Mr. Risch said at a committee hearing last week on China that greater resolve is needed from the government in supporting Taiwan.

“Nothing is more urgent than ensuring Taiwan has the capabilities and training to deter Chinese aggression,” he said. “If we do not help them prepare now, we may all pay a much higher cost later.”

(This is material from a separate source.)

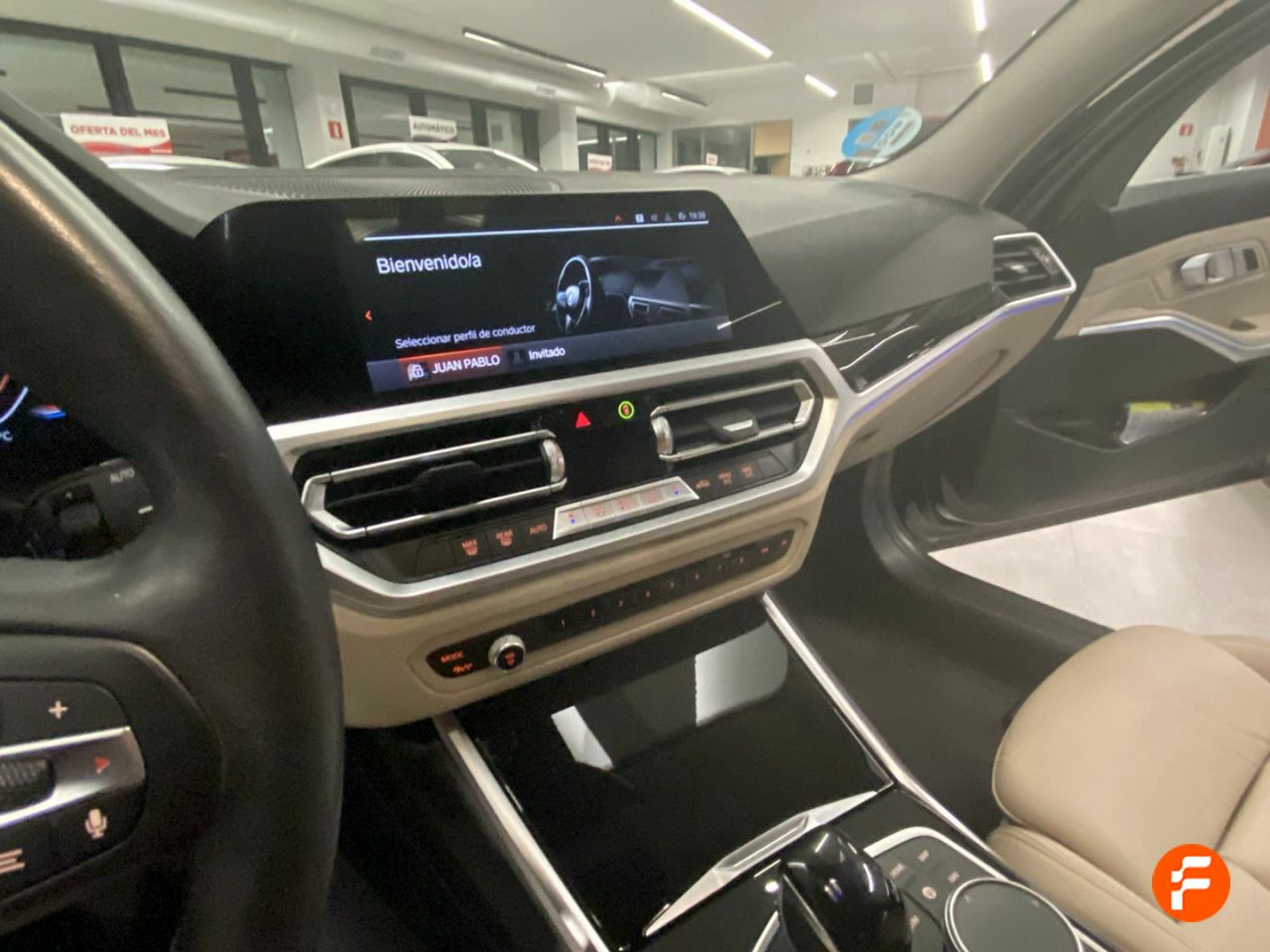 Foto BMW Serie 3 11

The committee will oversee implementation of the Taiwan Enhanced Resilience Act that was signed into law in December. But Mr. Risch complained that the new law “was not adequately funded in the appropriations process.”

“The Biden administration said over and over again that it supports security assistance to Taiwan,” he said. “However, it did nothing to advocate for Taiwan during the appropriations process.”

Both the committee and the Senate Armed Services Committee asked the administration last summer to provide a list of Taiwan’s priority military needs.

“Despite repeated requests, we still do not have that list,” Mr. Risch said.

In addition to bolstering Taiwan’s defenses, the U.S. government needs to step up efforts to counter Chinese Communist Party influence operations both in the United States and abroad, he said.

Mr. Risch said he hopes more will be done by the administration to counter Chinese influence on American universities and in targeting Chinese “police stations” monitoring Chinese nationals living in the United States. Chinese fentanyl imports also must be addressed.

Deputy Secretary of State Wendy Sherman told the committee that the administration is helping Taiwan with “asymmetric weapons capabilities” and training that will produce more mobile and agile defenses.

Ely Ratner, assistant defense secretary for Indo-Pacific security affairs, said: “We are extremely focused on understanding and communicating with the Taiwanese about what specific defensive articles they need for their defense and for deterrence, and we’re laser-focused on that with all of the attention and urgency it deserves.”

Mr. Ratner said that a Chinese invasion of Taiwan is not imminent or inevitable, contrary to testimony by U.S. military commanders who said an attack could take place in the next seven years or sooner.